For example, a few studies have been performed under controlled conditions to
try to determine how typographic details like line length affect measurable
performance levels such as reading speed and retention. There are many rules
of thumb floating around — “2.5 alphabets”, “8–10 words”, and the like — and
it actually does turn out that most of them are reasonable. It also turns out
to be unwise to consider line length in isolation, that a wider range of
lengths can be used before serious degradation is widely observed than some of
the old folklore would suggest, and that having lines too short can also cause
serious degradation in reading performance, among other interesting results.

Another good example is the consistency of user interface elements.

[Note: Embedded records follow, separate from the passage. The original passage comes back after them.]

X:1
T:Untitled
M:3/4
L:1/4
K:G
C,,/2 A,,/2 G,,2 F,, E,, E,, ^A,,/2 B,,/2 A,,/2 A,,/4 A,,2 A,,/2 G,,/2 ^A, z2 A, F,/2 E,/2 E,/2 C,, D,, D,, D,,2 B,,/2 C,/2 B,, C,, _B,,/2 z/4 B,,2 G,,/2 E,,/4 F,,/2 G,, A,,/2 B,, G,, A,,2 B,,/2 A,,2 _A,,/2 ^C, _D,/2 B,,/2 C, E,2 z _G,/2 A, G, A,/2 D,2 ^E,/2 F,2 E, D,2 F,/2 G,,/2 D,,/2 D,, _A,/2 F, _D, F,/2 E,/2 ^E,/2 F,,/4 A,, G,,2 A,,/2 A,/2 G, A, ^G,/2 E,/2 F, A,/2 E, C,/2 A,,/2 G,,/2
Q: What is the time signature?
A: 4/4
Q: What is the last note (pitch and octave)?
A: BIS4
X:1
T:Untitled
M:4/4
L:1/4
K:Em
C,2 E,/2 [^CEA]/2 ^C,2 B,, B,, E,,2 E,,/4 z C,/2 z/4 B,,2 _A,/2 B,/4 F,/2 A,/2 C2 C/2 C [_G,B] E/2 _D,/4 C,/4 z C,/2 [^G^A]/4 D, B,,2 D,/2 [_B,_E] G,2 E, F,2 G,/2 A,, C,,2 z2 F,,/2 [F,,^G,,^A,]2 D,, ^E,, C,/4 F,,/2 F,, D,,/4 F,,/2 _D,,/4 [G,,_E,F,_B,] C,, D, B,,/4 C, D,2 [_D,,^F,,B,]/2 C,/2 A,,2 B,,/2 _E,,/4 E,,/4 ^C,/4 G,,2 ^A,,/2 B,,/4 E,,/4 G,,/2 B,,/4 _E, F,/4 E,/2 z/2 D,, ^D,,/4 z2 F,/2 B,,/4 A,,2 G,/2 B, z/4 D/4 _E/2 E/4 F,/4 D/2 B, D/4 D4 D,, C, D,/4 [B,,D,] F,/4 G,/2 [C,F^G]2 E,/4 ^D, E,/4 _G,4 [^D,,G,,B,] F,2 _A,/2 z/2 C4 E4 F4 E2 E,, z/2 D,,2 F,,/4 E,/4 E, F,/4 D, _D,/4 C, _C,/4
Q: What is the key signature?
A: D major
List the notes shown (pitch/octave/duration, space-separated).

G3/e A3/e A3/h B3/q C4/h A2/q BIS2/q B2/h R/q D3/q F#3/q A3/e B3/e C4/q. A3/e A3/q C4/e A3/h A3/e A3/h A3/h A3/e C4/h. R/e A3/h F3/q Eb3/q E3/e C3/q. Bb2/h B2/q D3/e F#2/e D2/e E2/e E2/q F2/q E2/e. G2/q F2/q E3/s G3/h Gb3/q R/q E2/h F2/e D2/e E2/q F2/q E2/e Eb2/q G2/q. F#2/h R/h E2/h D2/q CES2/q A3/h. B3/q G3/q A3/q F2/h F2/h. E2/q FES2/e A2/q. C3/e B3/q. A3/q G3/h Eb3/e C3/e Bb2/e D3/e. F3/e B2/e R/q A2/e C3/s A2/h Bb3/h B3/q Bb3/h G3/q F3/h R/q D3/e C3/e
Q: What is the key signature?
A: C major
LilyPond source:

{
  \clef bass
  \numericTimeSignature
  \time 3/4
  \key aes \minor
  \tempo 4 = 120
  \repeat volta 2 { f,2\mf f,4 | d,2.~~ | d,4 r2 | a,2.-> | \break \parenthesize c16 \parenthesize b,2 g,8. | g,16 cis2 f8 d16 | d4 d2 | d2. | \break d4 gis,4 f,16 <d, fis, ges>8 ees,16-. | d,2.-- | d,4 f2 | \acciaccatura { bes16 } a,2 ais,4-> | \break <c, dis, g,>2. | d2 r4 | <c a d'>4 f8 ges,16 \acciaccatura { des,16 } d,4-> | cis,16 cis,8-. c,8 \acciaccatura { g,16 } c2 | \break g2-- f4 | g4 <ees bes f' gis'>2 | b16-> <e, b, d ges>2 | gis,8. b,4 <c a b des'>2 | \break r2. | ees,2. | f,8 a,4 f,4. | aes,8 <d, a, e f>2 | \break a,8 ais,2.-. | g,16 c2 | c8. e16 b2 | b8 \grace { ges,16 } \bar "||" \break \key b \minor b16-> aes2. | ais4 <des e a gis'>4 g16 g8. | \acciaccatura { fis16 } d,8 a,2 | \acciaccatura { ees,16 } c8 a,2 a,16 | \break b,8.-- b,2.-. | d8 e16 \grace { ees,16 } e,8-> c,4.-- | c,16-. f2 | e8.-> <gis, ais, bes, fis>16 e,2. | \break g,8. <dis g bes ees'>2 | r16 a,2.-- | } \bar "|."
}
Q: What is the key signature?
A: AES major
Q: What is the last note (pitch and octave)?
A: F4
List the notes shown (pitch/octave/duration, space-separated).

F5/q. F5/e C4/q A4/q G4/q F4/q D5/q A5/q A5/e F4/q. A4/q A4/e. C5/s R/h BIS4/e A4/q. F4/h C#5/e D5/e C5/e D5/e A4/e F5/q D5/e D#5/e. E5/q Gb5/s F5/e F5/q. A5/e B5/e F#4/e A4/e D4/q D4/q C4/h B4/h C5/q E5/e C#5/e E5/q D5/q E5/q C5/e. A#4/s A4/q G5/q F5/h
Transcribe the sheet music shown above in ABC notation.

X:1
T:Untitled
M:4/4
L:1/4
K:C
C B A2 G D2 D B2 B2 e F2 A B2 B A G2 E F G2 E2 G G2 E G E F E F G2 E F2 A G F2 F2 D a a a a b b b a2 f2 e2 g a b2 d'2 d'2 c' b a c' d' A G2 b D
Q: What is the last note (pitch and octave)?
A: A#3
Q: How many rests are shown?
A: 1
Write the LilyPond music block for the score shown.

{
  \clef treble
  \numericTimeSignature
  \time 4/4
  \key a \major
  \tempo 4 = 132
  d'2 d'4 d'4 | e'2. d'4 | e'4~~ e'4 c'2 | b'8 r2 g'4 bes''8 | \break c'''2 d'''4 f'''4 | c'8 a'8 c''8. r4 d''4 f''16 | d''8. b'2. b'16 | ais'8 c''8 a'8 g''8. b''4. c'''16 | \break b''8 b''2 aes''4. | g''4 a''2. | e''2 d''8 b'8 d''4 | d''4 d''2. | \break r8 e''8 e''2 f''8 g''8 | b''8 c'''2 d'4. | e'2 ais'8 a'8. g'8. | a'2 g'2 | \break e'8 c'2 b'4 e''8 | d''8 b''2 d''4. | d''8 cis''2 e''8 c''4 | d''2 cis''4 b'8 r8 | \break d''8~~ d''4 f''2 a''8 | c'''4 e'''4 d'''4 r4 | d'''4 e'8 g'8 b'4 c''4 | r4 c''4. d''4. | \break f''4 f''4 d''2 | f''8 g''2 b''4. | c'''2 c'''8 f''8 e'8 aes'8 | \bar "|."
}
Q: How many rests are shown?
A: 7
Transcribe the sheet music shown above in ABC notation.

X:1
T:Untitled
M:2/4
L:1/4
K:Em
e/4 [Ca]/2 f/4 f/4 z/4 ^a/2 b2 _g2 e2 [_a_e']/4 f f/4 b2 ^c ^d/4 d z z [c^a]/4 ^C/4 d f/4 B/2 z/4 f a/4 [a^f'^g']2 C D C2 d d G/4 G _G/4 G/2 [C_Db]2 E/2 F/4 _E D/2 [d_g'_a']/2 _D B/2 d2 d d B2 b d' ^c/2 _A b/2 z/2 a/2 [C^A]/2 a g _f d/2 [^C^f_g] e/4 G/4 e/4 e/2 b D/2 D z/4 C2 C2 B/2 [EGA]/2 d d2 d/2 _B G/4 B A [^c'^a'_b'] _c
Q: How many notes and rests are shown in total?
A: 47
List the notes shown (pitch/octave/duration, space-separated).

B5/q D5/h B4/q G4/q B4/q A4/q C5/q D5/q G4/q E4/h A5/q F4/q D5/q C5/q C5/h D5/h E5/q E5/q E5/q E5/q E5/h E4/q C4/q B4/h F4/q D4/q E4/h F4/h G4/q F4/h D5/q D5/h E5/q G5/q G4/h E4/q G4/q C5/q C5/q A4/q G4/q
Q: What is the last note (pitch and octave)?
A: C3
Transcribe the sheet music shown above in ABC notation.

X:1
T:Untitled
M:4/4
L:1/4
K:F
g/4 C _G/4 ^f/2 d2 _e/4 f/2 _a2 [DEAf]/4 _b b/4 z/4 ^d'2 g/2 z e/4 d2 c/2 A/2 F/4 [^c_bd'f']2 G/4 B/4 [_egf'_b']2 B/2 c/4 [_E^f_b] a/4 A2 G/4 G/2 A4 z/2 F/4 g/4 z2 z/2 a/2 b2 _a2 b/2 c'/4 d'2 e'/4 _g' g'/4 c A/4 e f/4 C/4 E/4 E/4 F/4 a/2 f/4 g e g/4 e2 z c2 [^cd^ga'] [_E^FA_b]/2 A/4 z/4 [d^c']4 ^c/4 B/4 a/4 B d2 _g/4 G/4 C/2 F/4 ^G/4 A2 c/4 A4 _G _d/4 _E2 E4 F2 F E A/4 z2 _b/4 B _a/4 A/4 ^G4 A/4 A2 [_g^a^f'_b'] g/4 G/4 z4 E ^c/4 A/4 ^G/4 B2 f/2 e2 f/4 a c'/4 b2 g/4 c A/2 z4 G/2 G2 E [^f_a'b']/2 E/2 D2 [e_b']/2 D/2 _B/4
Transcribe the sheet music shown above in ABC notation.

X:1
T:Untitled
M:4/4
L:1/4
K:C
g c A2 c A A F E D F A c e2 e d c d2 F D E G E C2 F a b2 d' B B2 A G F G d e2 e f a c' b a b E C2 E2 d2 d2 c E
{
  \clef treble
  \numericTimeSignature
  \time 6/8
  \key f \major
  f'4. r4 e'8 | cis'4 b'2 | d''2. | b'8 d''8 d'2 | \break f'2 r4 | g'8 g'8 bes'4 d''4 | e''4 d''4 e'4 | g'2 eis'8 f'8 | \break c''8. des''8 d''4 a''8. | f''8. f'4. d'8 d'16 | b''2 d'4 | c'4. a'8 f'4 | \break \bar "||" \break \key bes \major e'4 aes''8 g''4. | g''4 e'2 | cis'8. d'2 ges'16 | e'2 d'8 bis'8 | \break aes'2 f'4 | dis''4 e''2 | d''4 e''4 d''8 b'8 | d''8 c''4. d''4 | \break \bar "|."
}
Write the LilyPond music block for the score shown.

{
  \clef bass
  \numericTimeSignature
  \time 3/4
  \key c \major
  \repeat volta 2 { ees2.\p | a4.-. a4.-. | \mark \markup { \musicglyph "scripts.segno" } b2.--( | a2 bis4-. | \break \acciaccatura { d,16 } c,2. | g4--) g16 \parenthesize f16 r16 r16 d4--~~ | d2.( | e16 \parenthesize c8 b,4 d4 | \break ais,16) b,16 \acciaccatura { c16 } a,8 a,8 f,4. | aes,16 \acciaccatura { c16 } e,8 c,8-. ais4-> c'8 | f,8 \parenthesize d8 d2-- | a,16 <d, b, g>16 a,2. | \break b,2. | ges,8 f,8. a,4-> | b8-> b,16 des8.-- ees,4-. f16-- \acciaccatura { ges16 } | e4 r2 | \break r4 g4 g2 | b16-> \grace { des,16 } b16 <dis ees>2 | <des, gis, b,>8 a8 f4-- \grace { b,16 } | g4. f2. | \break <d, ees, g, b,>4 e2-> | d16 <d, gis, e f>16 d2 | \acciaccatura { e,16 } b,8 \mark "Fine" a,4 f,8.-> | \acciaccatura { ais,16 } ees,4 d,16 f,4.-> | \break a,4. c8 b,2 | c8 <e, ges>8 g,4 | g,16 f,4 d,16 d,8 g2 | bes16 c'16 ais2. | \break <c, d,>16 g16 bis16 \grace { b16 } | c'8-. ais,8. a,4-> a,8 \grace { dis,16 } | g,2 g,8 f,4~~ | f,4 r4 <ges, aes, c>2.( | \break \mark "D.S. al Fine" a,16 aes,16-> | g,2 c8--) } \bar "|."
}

Numerous
usability tests, from formal studies to simple A/B tests on web sites, support
the theory that violating a user’s expectations tends to have negative
effects, sometimes severe ones. Of course you always have to be careful not to
assume too much about what your users’ expectations might be, but things like
using green for cancel and red for confirm almost invariably exhibit poor
performance with audiences who are used to the opposite convention.

On the other hand, if someone tells you the Golden Ratio is important for
keeping some sort of page area proportionate, it’s a good bet that this person
should be hunted down and locked away by the maths police. Using precise
ratios really does matter in some contexts: if you look at the ratio between
the width and height of a piece of A4 paper, it is aiming for exactly √2,
which is why two A4 sheets fit neatly into one A3 sheet and so on up and down
the scale. However, someone who is advocating use of the Golden Ratio for
width/height proportions usually just likes the look of dimensions that are
proportioned roughly 5:3, and probably has no hard data to support choosing
that over 3:2, 16:9, 1:1, or any other ratio that fits with the rest of the
design.

Likewise, if someone advocates picking a colour scheme based on where certain
hues fall on a wheel, consider that hue represents only one dimension. The
most common colour models for human vision use three, and in practice if you
fix the others (typically saturation and lightness) and just choose evenly
spaced and/or opposing hues around a colour wheel, the results are rarely
good. That means much repeated ideas like choosing analogous or complementary
colours are, at best, only part of the story. If you’re using a typical colour
wheel for computer graphics that has red, green and blue at 120 degree
separations and then cyan, magenta and yellow on the 60s, those ideas are even
less helpful, because it turns out that by the time the human eye has detected
the light and the human brain has interpreted the resulting signals, those
colours aren’t really uniformly spaced around the wheel anyway; see the
trichromatic vision and opponent process theories, or the early experimental
work of Munsell.

In short, there really is robust evidence that some established design
principles are worth following, though rarely do minor variations in design
cause major variations in performance. However, there are also some dogmatic
assumptions in the design world that get passed on as if they are inalienable
truths but in reality have little evidence to support them.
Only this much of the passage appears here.